Roman émouvant, troublant, dur, La Revanche de May a pour cadre l'Algérie des années 1930 pendant la colonisation française et celle de la décennie noire (1990-2000). Journaliste et écrivaine algérienne, Nassira Belloula s'attache au sort des femmes victimes du poids des traditions et du fanatisme religieux dans son pays.



La Revanche de May explore des tragédies féminines cachées, étouffées, muettes. Peu d'écrivains s'engagent avec une telle foi dans le romanesque et ses pouvoirs pour poser les questions qui font mal. Tendu sur le fil d'une mémoire blessée, ce récit chauffé à blanc atteint un degré de tension à la hauteur du propos.

Alger, 1998. Pour fuir la terreur sanglante qui s'abat sur son pays, une journaliste se réfugie dans l'écriture, l'unique planche de salut pour elle. Un jour, elle se voit confier un carnet jaune par un vieux marchand de livres ambulant. Bouleversée par ce manuscrit qui relate les histoires douloureuses de plusieurs femmes dont les blessures n'ont été ni adoucies ni guéries avec le temps, elle s'interroge. Qui est May, née en 1930, violée par son cousin à l'âge de 14 ans, qui a donné naissance à un garçon qu'elle n'a jamais revu, victime d'une société «cadenassée dans les moeurs d'un honneur tribal»? Qui est Rosa, la femme aux rêves brisés, donnée en mariage à un «fou d'Allah» durant les années les plus sombres du terrorisme? Qui sont ces autres femmes, Nada, Ouiza, Aïcha, Houria, passionnées, rebelles, traversées de bouffées de colère? Quel lien unit ces femmes? Qui est donc l'auteur de ce manuscrit? Et voilà que le marchand de livres insiste pour qu'elle retrouve Ayla, un enfant abandonné qu'il a autrefois hébergé. Désireuse d'éclairer tous ces mystères, elle se lance dans une enquête sur les enfants de la rue d'Alger, orphelins à l'existence misérable, aux coeurs durcis par trop de privations.

Dotée d'un sens du romanesque, l'auteure multiplie les énigmes, sème des indices tout au long de son récit et finit par installer un véritable climat de suspense. Roman à l'architecture narrative complexe — personnages et histoires se chevauchent, s'enchevêtrent —, La Revanche de May a de la tenue intellectuelle et de la retenue émotionnelle. Sans forcer le ton, sans pathos, Nassira Belloula décrit le bourdonnement intérieur de ses personnages habités par le chagrin et la révolte.
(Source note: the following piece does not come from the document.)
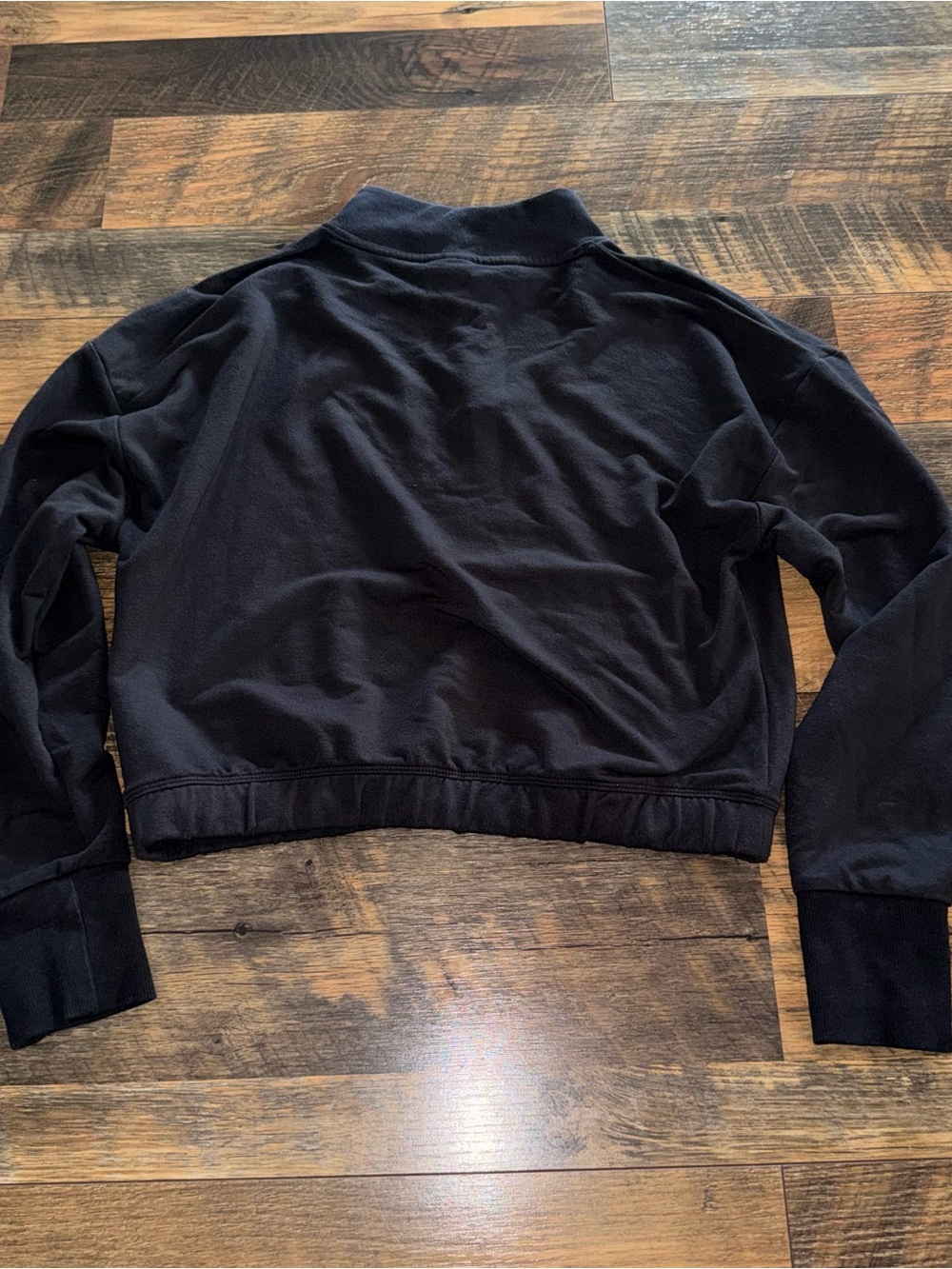 Gymshark Black Half-Zip Pullover Sweatshirt - Picture 2 of 3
Écrire est un engagement contre tous les silences. La littérature fait partie des moyens que la romancière, récemment installée à Montréal, s'est donnés pour dénoncer toutes les formes d'obscurantisme qui maintiennent les femmes et les enfants abandonnés de son pays dans un «exil intérieur». Le pouvoir d'ébranlement de la littérature est d'autant plus vital qu'aujourd'hui, plus que jamais, des écrivains comme Nassila Belloula sont investis d'un rôle «d'ouvreur de conscience». La Revanche de May, d'abord publié aux éditions Enag (Alger, 2003), est réédité aux éditions de la Pleine Lune. Heureuse initiative de la petite maison d'édition, qui entrouvre un passage. En espérant que le lecteur, en le parcourant, se sentira interpellé par cette écriture émouvante et d'une grande force évocatrice.